I'm trying to run a basic bigquery operator in Airflow (using Google's Composer) task which uses a user defined function (UDF).

The example comes from https://cloud.google.com/bigquery/docs/reference/standard-sql/user-defined-functions and runs perfectly in BigQuery.

However when I upload to composer I get "Function not found: multiplyInputs..." See python script below.

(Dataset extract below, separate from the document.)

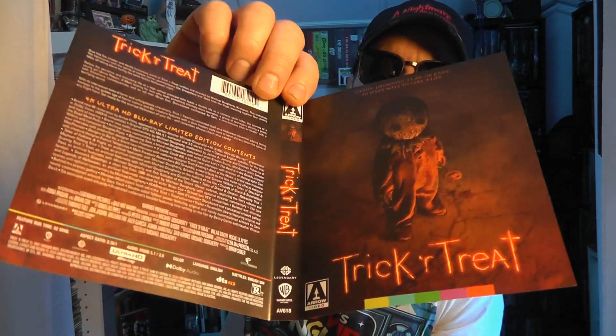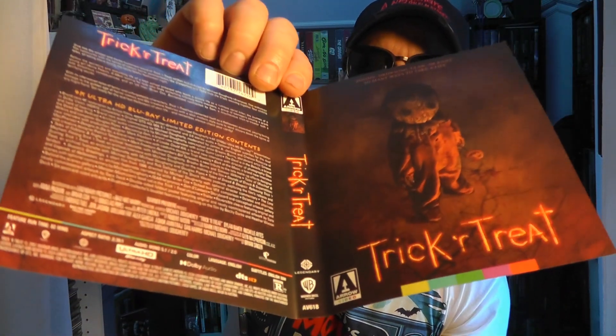That's a hefty amount of special features. So this is the reversible sleeve artwork — didn't even know that, because these 4Ks are black so you actually gotta pull it out to see if it's a reversible sleeve or not. That is great. I think I'm gonna stick with the new one for right now, but having that available is pretty awesome. I love watching this film during Halloween season — tonight I'm just gonna watch it on Halloween in beautiful 4K restoration. You definitely should have this in your collection. I'm Steve with Steve's Movie Night — I'll see you guys on the next one. Great job, Aero Video!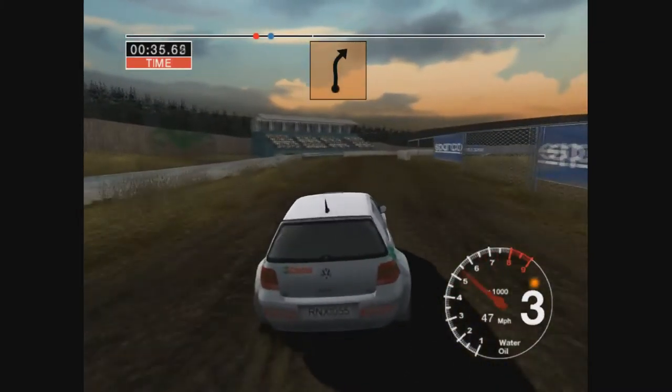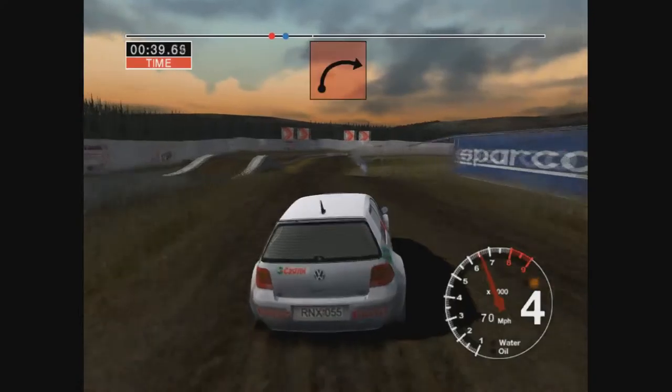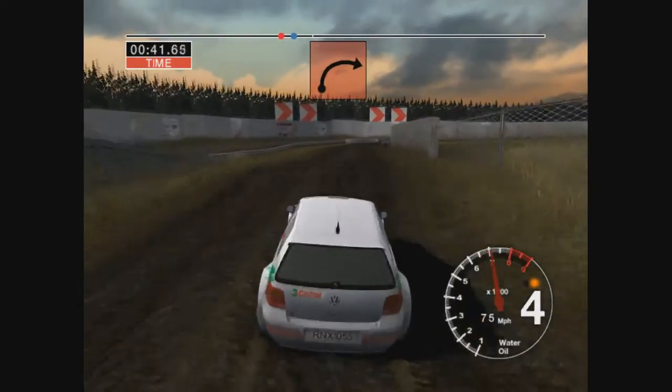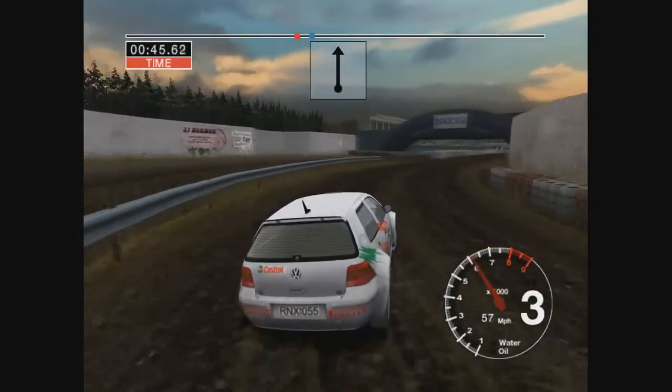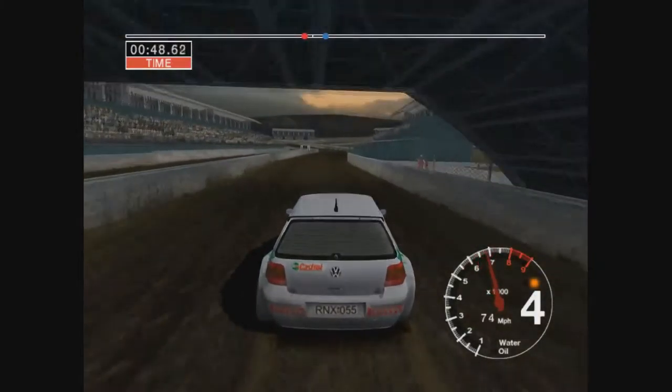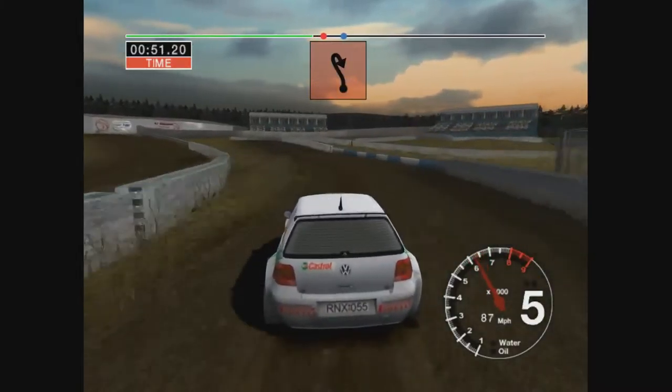30 long 3 right, 70 over bumps. Long 3 right, tightens to 2. To 100. Long 5 left and 2 right, tightens.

The udf_config field of BigQueryOperator requires a list, so I defined my UDF as a list containing one string - not sure if this is correct as it is clearly not registering as a UDF

Any help would be highly appreciated.

import datetime
from airflow import models
from airflow.contrib.operators import bigquery_operator

yesterday = datetime.datetime.combine(datetime.datetime.today() -             
datetime.timedelta(1),
                                  datetime.datetime.min.time())
default_dag_args = {
                # Setting start date as yesterday starts the DAG 
immediately when it is
                # detected in the Cloud Storage bucket.
                'start_date': yesterday,
                # To email on failure or retry set 'email' arg to your 
email and enable
                # emailing here.
                'email_on_failure': False,
                'email_on_retry': False,
                # If a task fails, retry it once after waiting at least 
5 minutes
                'retries': 1,
                'retry_delay': datetime.timedelta(minutes=5),
                'project_id': 'vital-platform-791'
}

with models.DAG('udf_example',
                schedule_interval=datetime.timedelta(days=1),
                default_args=default_dag_args) as dag:

    table = 'udf_table'

    # flatten fe table
    task_id = table + '_fe'

    udf_config = ["""CREATE TEMPORARY FUNCTION multiplyInputs(x 
                  FLOAT64, y FLOAT64)
                  RETURNS FLOAT64
                  LANGUAGE js AS \"""
                  return x*y;
                  \""";
                  """]

    print udf_config

    query = """WITH numbers AS
              (SELECT 1 AS x, 5 as y
              UNION ALL
              SELECT 2 AS x, 10 as y
              UNION ALL
              SELECT 3 as x, 15 as y)
            SELECT x, y, multiplyInputs(x, y) as product
            FROM numbers"""

    print query

    query = query
    destination_table = 'vital-platform-791.alpha_factors. 
                          {table}_fe'.format(table=table)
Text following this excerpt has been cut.